Jabreeah smiling and wearing a grey Rowan sweatshirt with a burnt orange jacket.

“I really didn’t have an insight being a Black student coming from a predominantly white high school; however, when I got to college I was able to express myself about my views. In terms of my professional goals, I want to work behind the scenes in movies.” – Jabreeah Holmes, senior Radio/TV/Film major, Camden, NJ

Check out some of Jabreeah’s work on her YouTube channel.

An artistic photo of Giovanna with a halo over her head.

“Since Black women artists are not predominant in the art field nor get the representation that they deserve, it motivates me to stand out and make work that’s unique or different. Also, to make work that responds to Black issues and beauty. For my professional goals, I’m still debating about that. Right now, I’m considering a career in the museum field like a museum archivist, a curator or a crime scene technician in the forensic/ law and justice field.” – Giovanna Eley, senior Art major with a minor in Law and Justice and CUGS: Forensic Studies, transfer student from Rutgers Camden,  Plainfield, NJ (Union County)

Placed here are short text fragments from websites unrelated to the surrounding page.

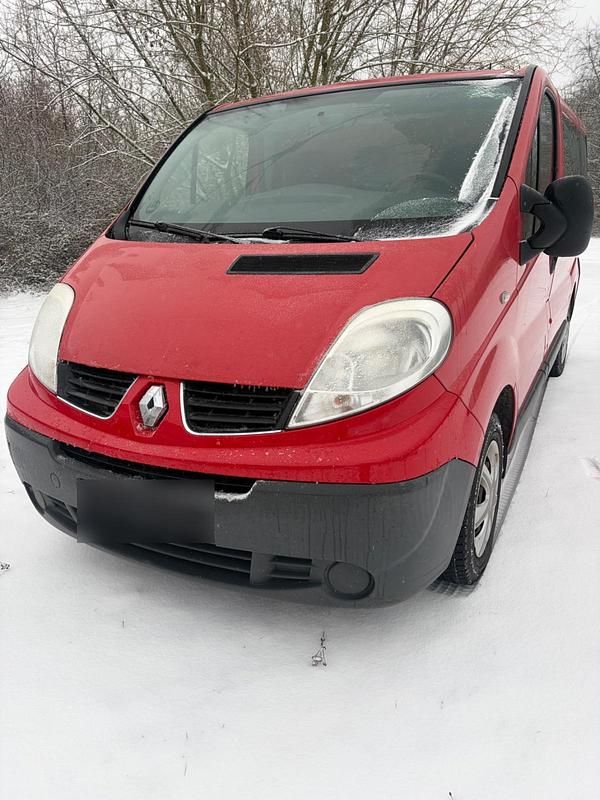 Gebraucht Renault Trafic 90 PS (66 kW) 2010 Rot Van / Kleinbus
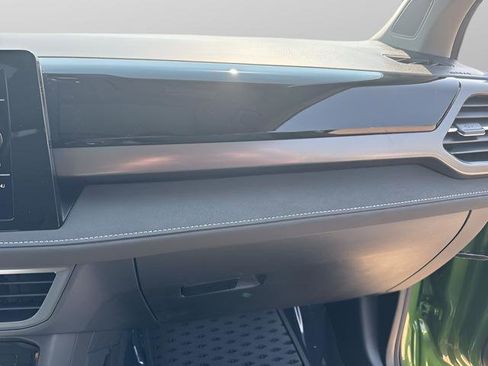 New 2025 Volkswagen Taos SE image 24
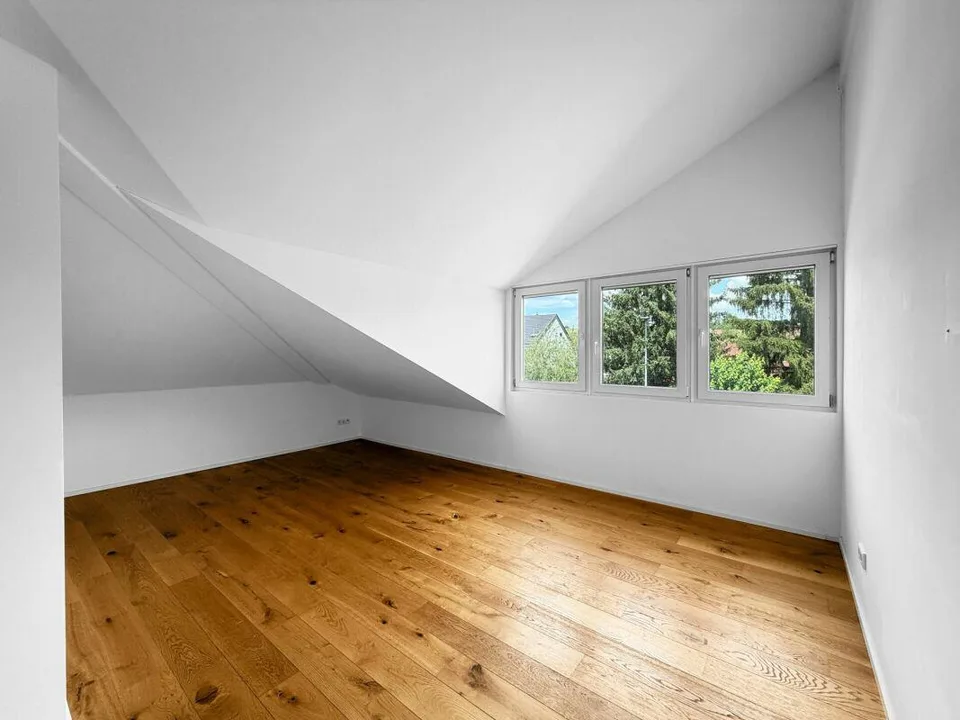 Modernisierte Maisonettewohnung in erster Rheinlage - bezugsbereit
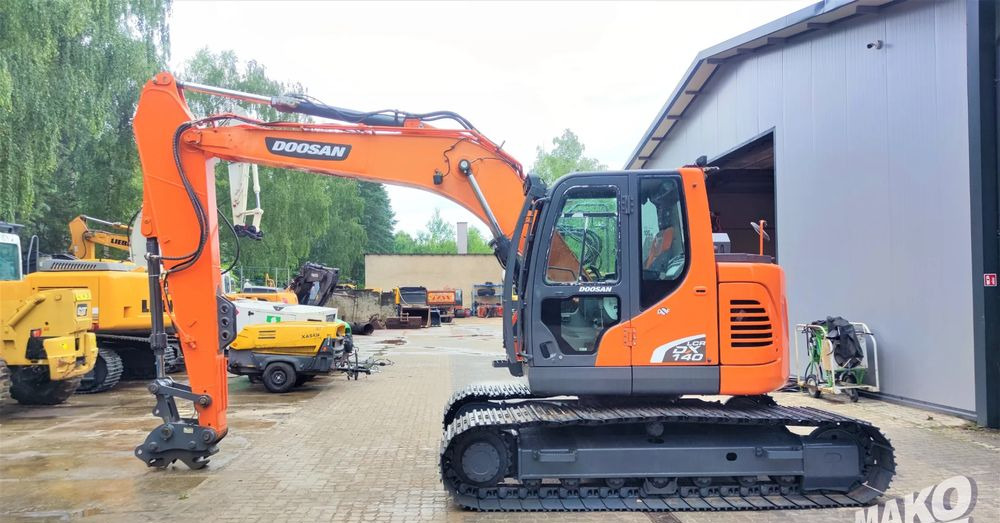 Doosan DX140LCR-5 - Escavadora de rastos: foto 1 Doosan DX140LCR-5 - Escavadora de rastos: foto 1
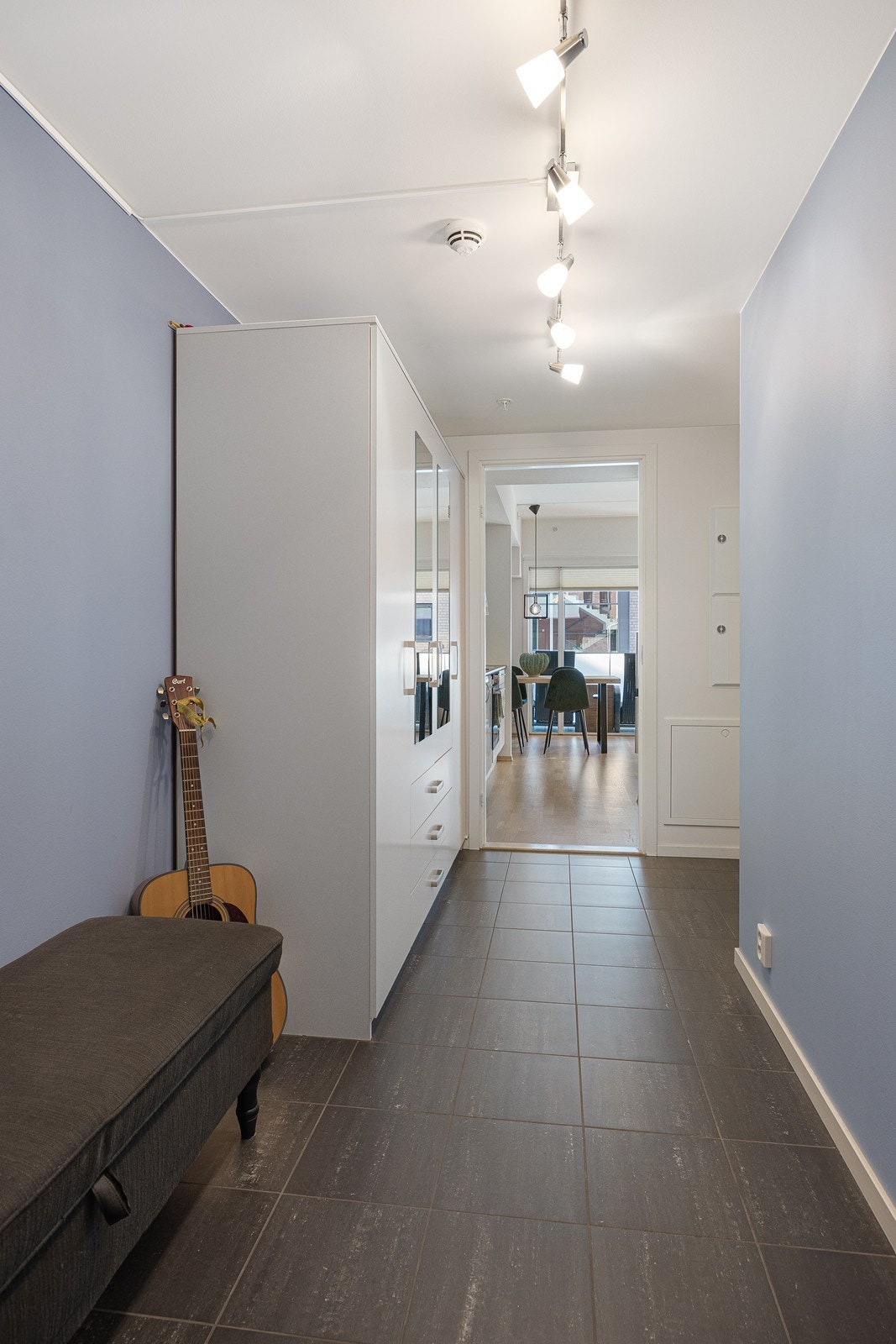 I entreen er det god plass til garderobeløsning og oppbevaring av ytterklær. Galleribilde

Check out Giovanna’s portfolio here: https://giovannaeley.com

Sabrea posing for a photo on the beach.

“It feels really good to be who I am and be a part of this field that I think is also teaching me more and more of who I am. I was mainly the only Black person in my writing courses, there were maybe one to two more if that. My professional goals are to just write, to be happy in doing so, I hope to maybe get a book published of a selection of pieces I have written! Maybe even submitting a script to a production company!” – Sabrea Bishop of Newark, NJ (Essex County), junior, first-generation college student, Writing Arts (Creative Writing) major, transfer from Albright College, PA 

Check out Sabrea’s work here

Daija posing outside the student center while wearing a furry black coat.

“It gets a bit lonely, especially walking into a class and being able to count the Black students in the room on one hand. But with that it mind, it keeps me determined to make sure other Black creatives feel comfortable enough to be in the room in the first place. I feel as though creative fields aren’t taken as seriously, but people are always enjoying new books and shows and pieces of art. So, I feel as though by being confident in myself in my creative life, I can be an inspiration for others to actually go for their creative craft, instead of pushing it away because of fear. My professional goals are to write movies, books, and possibly television shows for people to enjoy. I also want to create different forms of art like paintings and sculptures and have my work displayed in galleries all over.” – Daija McNeil, junior, first generation college student, Studio Art major with a minor in Creative Writing, Willingboro, NJ (Burlington County)

See Daija’s artwork here.

Read Daija’s written piece, “A Love Letter To Black Women,” here.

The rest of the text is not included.